Он достал сигареты, но, передумав, сунул пачку обратно в карман. Воздух, сырой и тёплый, поглощал все звуки. Как губка. Я оглянулась на яблоню, подумав, что иногда цена свободы может быть слишком высока. Росла бы себе тихо в саду, за забором.
Мы шли сумрачным бором. Он впереди, я следом. Стволы сосен, похожие на ржавые колонны, уходили вверх и там смыкались кронами. Пахло тёплой гнилью — сладковато, почти приторно. Так воняло в школьном подвале. В том подвале было оборудовано бомбоубежище на случай ядерной войны. Пару раз нас всем классом загоняли туда и отставной полковник с родимым пятном на щеке рассказывал, что будет, когда Америка сбросит на Москву атомную бомбу. Урок назывался «Гражданская оборона». Или попросту — гроб.
Ладонью провела по стволу — шершаво и щекотно. Ствол оказался тёплым, будто был живым. Хотела сказать ему про это, но передумала. Мы шли и молчали. Птиц тоже не было слышно. Какой странный лес, без птиц, без звуков. Глухонемой лес.
— Ты могла бы убить? — спросил он, не обернувшись.
Голос прозвучал глухо, как в подушку. Я не ответила. Дело в том, что я сама об этом думала совсем недавно. Странно, что он спросил. Свет, проникавший сквозь кроны казался серым, пыльным. Ответа у меня не было, я не знала.
— Не знаю.
— Правильно. Никто не знает.
Пару минут мы шли молча. Потом он начал говорить. Бесстрастным, скучным голосом. Я шагала следом и слушала, глядя ему в затылок.
— Никто не знает… — повторил он. — Убить. Даже соб аку… Мы продолжали идти молча, потом он снова заго ворил: — В мозгах, там внутри что-то, вроде предохранителя, как в замке — щёлк и всё. Щёлк — и всё! Сидел на асфальте и ничего не мог сделать. Просто сидел рядом. Ему позвоночник перебило и ноги задние. Бампером. Господи — он так скулил… После какой-то мужик пакет на голову натянул. И задушил, пакетом. А я даже смотреть не мог.
Он ссутулился, шмыгнул. Сунул руки в карманы.

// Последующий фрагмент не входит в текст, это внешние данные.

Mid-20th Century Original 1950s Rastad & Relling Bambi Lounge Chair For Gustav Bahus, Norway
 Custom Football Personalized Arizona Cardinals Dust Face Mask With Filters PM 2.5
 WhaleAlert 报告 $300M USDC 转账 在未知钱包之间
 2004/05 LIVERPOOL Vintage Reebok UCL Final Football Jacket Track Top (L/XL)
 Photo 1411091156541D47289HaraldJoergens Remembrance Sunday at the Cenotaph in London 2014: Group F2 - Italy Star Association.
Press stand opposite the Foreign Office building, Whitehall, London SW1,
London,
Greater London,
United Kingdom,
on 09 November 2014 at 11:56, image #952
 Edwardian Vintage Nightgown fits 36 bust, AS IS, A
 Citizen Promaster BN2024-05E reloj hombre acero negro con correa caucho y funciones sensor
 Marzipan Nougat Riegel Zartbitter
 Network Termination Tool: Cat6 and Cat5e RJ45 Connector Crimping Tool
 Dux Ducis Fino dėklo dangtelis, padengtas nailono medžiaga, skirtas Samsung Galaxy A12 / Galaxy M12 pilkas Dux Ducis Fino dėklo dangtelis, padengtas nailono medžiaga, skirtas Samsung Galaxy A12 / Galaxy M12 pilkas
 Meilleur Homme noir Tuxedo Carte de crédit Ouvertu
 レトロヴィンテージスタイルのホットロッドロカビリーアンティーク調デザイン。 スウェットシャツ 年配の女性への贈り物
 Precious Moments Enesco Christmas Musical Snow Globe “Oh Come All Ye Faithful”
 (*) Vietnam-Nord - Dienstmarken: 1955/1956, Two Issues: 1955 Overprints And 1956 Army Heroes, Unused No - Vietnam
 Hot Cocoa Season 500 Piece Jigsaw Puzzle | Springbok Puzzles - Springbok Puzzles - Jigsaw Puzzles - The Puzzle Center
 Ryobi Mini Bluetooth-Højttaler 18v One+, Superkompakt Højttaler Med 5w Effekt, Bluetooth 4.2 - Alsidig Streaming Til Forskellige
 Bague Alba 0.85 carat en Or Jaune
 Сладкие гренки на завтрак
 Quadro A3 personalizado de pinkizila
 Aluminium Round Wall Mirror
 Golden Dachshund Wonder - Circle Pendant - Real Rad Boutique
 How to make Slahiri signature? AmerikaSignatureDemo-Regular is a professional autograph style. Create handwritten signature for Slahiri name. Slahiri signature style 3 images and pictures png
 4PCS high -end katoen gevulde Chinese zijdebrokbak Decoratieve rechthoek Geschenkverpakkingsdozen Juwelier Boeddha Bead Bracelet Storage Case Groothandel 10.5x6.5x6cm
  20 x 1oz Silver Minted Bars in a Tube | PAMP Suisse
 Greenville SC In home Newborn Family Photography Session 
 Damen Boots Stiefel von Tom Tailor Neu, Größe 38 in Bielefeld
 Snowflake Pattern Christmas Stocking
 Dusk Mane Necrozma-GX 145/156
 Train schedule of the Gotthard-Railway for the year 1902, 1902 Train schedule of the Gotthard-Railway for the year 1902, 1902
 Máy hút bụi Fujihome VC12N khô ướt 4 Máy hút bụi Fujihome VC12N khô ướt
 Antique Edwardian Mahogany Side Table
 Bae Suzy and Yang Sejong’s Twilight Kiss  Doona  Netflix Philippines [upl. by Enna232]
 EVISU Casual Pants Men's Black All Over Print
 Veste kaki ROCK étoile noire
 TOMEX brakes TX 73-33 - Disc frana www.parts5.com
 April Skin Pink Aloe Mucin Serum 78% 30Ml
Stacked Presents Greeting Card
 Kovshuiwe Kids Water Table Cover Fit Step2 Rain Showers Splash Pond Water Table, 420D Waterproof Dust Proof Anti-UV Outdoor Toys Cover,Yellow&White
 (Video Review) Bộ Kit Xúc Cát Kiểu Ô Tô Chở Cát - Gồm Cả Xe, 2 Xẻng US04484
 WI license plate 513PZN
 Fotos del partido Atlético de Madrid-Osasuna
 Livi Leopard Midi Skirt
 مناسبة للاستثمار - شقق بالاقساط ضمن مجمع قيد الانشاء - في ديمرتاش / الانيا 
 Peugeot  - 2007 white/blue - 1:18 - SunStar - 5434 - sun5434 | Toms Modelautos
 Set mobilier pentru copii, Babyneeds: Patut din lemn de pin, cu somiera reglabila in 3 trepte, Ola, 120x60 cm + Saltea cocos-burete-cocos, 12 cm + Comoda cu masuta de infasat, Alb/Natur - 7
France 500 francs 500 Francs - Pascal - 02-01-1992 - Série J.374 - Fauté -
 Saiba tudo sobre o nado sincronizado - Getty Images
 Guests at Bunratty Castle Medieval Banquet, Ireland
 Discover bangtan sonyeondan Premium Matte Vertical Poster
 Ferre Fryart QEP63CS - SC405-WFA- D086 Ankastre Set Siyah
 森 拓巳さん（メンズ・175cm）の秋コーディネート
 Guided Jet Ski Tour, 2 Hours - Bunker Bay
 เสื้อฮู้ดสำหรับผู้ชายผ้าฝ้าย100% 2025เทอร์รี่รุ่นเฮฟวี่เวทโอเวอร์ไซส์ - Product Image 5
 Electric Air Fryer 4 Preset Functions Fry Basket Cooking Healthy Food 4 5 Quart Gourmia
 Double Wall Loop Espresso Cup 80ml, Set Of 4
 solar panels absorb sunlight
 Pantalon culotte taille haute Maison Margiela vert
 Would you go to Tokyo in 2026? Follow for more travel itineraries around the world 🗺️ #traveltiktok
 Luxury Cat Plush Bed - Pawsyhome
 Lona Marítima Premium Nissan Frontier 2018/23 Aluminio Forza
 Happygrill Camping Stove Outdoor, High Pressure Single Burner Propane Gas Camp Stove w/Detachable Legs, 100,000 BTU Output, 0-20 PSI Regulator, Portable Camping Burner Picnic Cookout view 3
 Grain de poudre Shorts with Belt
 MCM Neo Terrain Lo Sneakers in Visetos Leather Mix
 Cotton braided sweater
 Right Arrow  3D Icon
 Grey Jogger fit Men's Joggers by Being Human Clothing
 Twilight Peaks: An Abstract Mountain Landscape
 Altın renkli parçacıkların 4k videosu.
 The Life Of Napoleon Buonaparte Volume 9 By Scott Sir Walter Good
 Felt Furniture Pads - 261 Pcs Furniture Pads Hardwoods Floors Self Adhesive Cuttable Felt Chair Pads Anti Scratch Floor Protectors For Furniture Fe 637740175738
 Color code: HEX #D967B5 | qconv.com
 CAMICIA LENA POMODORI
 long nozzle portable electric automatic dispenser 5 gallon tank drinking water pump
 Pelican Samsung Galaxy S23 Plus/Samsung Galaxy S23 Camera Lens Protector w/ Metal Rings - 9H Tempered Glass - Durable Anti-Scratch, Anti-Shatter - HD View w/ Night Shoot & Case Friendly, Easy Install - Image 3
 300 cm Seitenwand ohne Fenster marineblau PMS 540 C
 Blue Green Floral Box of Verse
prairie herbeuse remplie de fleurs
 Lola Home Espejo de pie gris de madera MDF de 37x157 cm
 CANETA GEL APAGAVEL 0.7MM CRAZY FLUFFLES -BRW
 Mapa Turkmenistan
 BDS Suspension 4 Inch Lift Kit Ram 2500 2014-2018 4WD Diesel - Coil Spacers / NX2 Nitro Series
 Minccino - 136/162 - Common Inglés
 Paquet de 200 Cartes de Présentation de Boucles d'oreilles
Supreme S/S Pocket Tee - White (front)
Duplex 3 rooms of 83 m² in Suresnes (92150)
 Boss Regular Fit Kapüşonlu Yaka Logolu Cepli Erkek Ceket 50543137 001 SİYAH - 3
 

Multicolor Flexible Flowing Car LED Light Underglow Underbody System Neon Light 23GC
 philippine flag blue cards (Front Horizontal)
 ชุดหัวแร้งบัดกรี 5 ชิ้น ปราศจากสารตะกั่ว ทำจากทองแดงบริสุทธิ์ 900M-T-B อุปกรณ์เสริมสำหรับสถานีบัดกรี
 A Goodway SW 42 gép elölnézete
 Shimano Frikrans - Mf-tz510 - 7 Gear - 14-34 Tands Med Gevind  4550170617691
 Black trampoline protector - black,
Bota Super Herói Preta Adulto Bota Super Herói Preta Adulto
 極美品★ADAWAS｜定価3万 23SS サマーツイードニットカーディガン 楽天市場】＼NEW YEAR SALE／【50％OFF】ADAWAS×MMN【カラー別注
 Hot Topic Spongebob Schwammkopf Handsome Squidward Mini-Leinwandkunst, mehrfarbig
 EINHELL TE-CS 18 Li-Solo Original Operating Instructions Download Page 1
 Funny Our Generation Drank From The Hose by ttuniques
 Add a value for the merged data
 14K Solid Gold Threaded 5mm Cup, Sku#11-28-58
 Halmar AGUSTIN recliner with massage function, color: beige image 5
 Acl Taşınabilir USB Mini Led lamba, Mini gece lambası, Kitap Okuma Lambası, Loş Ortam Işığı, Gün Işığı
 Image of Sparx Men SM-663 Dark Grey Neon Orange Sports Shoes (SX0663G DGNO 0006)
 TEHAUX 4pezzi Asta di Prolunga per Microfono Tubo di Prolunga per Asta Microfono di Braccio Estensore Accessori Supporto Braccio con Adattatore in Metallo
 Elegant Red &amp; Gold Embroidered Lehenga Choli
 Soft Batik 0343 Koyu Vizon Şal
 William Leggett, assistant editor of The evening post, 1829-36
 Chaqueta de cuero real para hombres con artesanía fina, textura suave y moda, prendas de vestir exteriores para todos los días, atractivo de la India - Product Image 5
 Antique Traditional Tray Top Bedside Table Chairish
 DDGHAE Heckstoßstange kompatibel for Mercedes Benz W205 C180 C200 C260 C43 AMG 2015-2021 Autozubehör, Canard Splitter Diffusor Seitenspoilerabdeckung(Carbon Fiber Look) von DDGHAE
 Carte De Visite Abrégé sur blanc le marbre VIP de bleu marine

Лес стал реже. Впереди в просвете белела какая-то постройка. Мы вышли на опушку. Там, на пригорке, утопая в зарослях крапивы, стояла церковь. Вернее, полуразрушенная часовня. За ней раскрывалось бескрайнее лопуховое поле, над которым тянулась высоковольтная линия. Железные опоры походили на гигантских пауков. Ещё дальше, на лиловой кромке горизонта, чернели деревенские крыши.
Вытянув вверх руки, Америка шагнул в крапиву. Осторожно ступая, я пошла следом. Дверь часовни была вырвана, штукатурка осыпалась большими кусками, обнажив старую кладку. Кирпич был тёмным и красным, как сырое мясо. Внутри часовня казалась гораздо больше, чем снаружи. Я подняла голову — вместо купола сверху зияла дыра. Круг серого неба перечёркивала гнутая арматура.
В дальнем углу, цепляясь за стену хищными побегами, зеленел куст малины. Ветки были усыпаны незрелыми ягодами. В этом году лето выдалось поздним и нежарким. На полу, там где не росла трава и сорняки, проглядывала мозаика. Я присела на корточки, ладонью смела мусор. Мелкие квадраты — серые и чёрные — сложились в затейливый узор, что-то вроде переплетённой косы, закрученной в овал. Америка опустился рядом.
— Как красиво, — сказала я. — И тут… в лесу.
Он молча положил свою ладонь рядом с моей.
— Думаю, Ида смогла бы… — я дотронулась своим мизинцем до его.
Он не спросил, кто она такая, просто накрыл своей рукой мою. Кожей я чувствовала песок, прилипший к его ладони. Из-под наших пальцев вытекал чёрно-белый орнамент, который сплетался в символ, похожий на тайный знак.
Мне захотелось рассказать про Иду — он стал бы первым человеком на свете, узнавшем о её существовании. Мой рассказ был бы про одиночество. Про моё детство и про мою мать, которая всё-таки сошла с ума или всегда была такой, но я просто раньше не могла распознать признаков безумия. И про отца — всех моих вымышленных отцов — потому что у ребёнка, а тем более, у девочки, должен быть отец. Мы все знаем, что вырастает из детей, которых воспитывает одна мать — не так ли?
И про школу — когда ты растёшь среди дочек дипломатов и дирижёров, а у тебя одни туфли да и те материнские, на размер больше, и потому в носы приходится забивать вату, чтобы они не сваливались при ходьбе.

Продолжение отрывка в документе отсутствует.